We hold cops to a higher standard because we give them a gun and a badge.
Only problem with that is, we recruit them from the human race.
With that opening voiceover and freezeframe, SouthLAnd started its fifth season by dropping us into hell without a parachute. Each season gets tighter, hits harder, jabs more lethally and precisely, knocks you down with even more viscerality. Hats And Bats continued this tradition with blade-sharpened verve and ferociousness, while, as always, somehow finding time to inject genuinely heartbreaking emotion. It brings you to your knees, then breaks your heart.
This episode was written by the exemplary Jonathan Lisco, directed by the legendary Chris Chulack, and lit by lighting genius and maestro Jimmy Muro. Lisco’s scripts always carry his signature: an extraordinary sense of intelligence and precision, whether he’s serving up something shocking, hardcore emotional, funny, or just general truths about humanity. It sounds casual when it’s written out in a list like that: but there’s nothing casual about it. It takes hard work and skill to pull off. Lisco delivers all those things in elegant scripts that just flow. There’s always a powerful core of great character work that keeps the script rolling; all those other elements are subtly intergated on the fly. Which just happens to be the definition of great writing.
For example, the scene in the swimming pool/bath house: utterly horrific, over so quickly we never know what was going on – but it’s a complex, almost wordless character moment for Sherman and Bryant. Then, later in the episode, their scene dealing with the old lady whose sister was murdered (which included a nice shout out to writer/supervising producer Cheo Coker, who moved from SouthLAnd to NCIS: LA), was another example of the scene getting in, getting out, but slamming you with serious emotions on the way.

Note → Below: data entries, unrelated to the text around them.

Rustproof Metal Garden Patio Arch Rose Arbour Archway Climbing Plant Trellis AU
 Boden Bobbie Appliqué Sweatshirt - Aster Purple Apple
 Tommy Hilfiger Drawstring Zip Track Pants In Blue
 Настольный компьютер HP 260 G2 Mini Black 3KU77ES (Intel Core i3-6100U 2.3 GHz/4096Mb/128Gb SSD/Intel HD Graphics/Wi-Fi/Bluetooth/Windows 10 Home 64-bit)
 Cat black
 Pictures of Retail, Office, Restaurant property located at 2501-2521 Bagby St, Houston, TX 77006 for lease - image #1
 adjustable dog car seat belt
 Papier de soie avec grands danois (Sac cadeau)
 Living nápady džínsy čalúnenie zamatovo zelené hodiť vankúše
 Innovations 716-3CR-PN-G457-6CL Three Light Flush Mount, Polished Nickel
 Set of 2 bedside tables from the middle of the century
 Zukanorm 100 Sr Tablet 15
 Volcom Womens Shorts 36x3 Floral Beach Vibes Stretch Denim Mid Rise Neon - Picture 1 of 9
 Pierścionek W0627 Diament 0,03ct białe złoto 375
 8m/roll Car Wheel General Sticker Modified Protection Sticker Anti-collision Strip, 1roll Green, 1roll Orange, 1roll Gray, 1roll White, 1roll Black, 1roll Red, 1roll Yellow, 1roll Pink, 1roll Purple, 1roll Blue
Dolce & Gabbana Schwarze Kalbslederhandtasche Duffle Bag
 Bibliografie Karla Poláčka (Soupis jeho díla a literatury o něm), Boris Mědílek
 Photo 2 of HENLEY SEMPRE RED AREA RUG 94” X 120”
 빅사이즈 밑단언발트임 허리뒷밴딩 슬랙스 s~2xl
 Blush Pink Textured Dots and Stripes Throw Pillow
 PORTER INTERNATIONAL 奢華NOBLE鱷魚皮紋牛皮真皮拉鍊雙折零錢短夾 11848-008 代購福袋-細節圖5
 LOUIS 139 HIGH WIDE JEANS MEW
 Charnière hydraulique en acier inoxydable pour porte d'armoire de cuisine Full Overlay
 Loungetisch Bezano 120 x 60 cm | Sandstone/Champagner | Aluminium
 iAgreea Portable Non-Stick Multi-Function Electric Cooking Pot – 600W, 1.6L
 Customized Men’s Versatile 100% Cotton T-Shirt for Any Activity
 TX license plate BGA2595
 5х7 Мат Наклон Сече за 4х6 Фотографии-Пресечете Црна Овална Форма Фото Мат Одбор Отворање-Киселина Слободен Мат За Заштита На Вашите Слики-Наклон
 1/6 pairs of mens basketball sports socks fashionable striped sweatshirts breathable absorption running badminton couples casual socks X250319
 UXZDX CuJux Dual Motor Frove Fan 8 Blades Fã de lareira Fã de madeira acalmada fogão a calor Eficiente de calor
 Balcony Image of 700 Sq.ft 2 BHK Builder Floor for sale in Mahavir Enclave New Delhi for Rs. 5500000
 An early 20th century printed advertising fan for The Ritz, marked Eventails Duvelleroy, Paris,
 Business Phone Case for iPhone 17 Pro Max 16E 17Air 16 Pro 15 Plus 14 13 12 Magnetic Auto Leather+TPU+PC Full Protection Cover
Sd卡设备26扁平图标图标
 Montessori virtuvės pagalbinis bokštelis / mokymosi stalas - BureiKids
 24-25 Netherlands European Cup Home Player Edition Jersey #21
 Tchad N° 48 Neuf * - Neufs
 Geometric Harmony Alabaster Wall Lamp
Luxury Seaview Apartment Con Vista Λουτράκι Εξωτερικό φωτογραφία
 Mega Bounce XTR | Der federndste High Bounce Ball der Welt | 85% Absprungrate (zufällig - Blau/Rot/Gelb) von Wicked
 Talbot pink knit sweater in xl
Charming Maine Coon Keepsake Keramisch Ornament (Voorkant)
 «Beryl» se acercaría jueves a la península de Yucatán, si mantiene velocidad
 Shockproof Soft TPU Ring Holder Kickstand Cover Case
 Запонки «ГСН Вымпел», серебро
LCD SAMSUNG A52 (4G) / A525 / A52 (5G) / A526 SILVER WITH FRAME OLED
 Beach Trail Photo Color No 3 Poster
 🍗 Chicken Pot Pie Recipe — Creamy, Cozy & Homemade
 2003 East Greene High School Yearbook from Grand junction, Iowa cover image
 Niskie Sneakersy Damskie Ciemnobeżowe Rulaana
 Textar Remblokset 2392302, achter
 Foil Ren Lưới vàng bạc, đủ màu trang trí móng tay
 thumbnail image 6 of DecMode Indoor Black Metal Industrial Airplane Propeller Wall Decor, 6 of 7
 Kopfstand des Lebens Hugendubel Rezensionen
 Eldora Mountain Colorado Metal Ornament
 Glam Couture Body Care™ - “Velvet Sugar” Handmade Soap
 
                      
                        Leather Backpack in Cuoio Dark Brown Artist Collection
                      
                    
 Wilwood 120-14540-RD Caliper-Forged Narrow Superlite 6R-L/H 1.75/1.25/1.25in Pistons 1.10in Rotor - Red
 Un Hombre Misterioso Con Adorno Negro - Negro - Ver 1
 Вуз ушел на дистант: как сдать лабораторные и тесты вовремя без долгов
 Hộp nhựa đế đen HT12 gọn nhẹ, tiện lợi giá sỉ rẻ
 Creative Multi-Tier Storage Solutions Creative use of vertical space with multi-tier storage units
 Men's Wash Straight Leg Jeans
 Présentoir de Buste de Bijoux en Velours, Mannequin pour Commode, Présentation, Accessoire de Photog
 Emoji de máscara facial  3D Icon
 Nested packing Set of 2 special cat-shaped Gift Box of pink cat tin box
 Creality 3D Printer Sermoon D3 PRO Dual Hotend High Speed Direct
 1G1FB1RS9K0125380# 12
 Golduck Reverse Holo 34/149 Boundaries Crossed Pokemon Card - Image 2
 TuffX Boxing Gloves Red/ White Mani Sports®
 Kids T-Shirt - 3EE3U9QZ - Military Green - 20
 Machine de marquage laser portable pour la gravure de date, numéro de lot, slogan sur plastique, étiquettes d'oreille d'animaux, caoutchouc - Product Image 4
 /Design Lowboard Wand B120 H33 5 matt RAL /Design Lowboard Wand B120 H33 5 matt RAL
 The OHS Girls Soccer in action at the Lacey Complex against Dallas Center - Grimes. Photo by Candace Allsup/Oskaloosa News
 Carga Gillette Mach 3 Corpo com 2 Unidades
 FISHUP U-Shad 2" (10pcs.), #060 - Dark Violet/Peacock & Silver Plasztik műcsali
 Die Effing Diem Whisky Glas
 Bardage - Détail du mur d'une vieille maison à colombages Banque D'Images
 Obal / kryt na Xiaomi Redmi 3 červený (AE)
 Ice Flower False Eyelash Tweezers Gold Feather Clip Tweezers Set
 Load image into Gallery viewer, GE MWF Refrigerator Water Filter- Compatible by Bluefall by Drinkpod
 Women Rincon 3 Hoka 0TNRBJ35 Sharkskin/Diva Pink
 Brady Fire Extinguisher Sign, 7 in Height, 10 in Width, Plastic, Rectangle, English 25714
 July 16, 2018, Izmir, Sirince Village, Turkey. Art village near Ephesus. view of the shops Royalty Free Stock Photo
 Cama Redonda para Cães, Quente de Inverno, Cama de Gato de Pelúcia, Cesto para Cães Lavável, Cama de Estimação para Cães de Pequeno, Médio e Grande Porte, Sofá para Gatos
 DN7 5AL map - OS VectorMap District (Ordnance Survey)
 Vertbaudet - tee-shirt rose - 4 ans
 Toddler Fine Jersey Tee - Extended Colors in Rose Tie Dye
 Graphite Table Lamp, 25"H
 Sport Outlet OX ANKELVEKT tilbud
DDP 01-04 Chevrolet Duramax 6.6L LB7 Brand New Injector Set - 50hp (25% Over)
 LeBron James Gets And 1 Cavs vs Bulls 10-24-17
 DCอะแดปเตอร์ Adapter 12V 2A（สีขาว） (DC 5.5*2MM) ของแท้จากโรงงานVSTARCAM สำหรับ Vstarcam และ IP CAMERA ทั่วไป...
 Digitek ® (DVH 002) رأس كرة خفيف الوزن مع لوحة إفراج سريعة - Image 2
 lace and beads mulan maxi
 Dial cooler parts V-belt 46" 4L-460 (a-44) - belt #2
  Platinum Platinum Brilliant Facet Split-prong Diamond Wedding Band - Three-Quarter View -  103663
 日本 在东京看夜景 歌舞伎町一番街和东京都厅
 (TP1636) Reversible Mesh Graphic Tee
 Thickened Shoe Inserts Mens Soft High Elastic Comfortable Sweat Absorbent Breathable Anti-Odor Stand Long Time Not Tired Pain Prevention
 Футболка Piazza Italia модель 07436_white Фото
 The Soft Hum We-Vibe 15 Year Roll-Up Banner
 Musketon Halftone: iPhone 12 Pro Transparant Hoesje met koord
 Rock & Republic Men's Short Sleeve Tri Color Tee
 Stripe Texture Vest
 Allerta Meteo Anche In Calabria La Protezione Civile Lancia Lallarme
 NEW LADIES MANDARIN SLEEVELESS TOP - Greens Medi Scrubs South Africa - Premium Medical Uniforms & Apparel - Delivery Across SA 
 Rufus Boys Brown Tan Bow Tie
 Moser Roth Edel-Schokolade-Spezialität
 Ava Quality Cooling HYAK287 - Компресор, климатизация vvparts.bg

And Lisco was also responsible for one of the funniest lines of the show in all five seasons:
Jerry: “We have a permit.”
Cooper: “To be a dipshit?”
Of course, Chulack and Muro killed it. Of course they did. They shot and lit it with brutal, pared-down style, keeping the camera close and low to the ground. It was the kind of lighting and directing that almost stripped itself away, making you feel as though you were immersed in nothing other than the rawest of truths in every beat, every scene.
Which brings us to the acting.
This may be the finest ensemble in TV right now.
Ben McKenzie and Shawn Hatosy nailed the fractious, buddy/brotherly relationship between Sherman and Bryant. McKenzie portrayed Sherman’s unease at his newest level of celebrity, while Hatosy was utterly compelling as a father under huge pressure, dealing with a crazy ex-wife, barely controlling his rage from boiling over. Lisco’s script had Sherman and Bryant butting heads, cracking jokes, having each other’s backs, and McKenzie and Hatosy handled every single beat with extreme presence, energy and truth. Regina King showed us a mother barely holding it together as she dealt with the immense stress of being a single mom, as well as the immense stress of being a detective; King was incredible, as she always is.
And then there was Cudlitz.
He gave us an astonishing spectrum of emotions in this episode. Lisco gave him great material to work with — having to be even more hard-ass than usual with his newest boot, an ex-military powerhouse with attitude to spare — as well as peeling back the layers to show the lonely soul beneath the surface who just craves companionship, and, maybe, even though he’d never admit it, love. Brilliant work from Cudlitz from start to finish.
Tommy Howell is a legend, and it’s great to see him promoted from recurring to regular.
On every level, this really is a show that grabs you and doesn’t let you go. It makes you feel like it just threw you off a balcony. There’s a vertiginous sense of falling that pulses through this show — that dread is part of its power, because anything can happen at any time.
All in all, this was a truly fantastic start to what promises to be an amazing fifth season for SouthLAnd. It’s a show that just keeps on getting better, season after season. That’s a rarity in TV drama. This show really is one of a kind; can’t say thank you to TNT enough for believing in it too.
Random witness statements:
- Few things are more pleasing at this point than hearing”hey numbnuts!”
- Jeez, Sherman — Sammy just really wants to clean up some blood this episode, okay?
- “Welcome to the info age. Instant riots — just add tweets.”
- So much screaming in this episode
- Bryant on Sherman’s new haircut: “They remaking Taxi Driver?”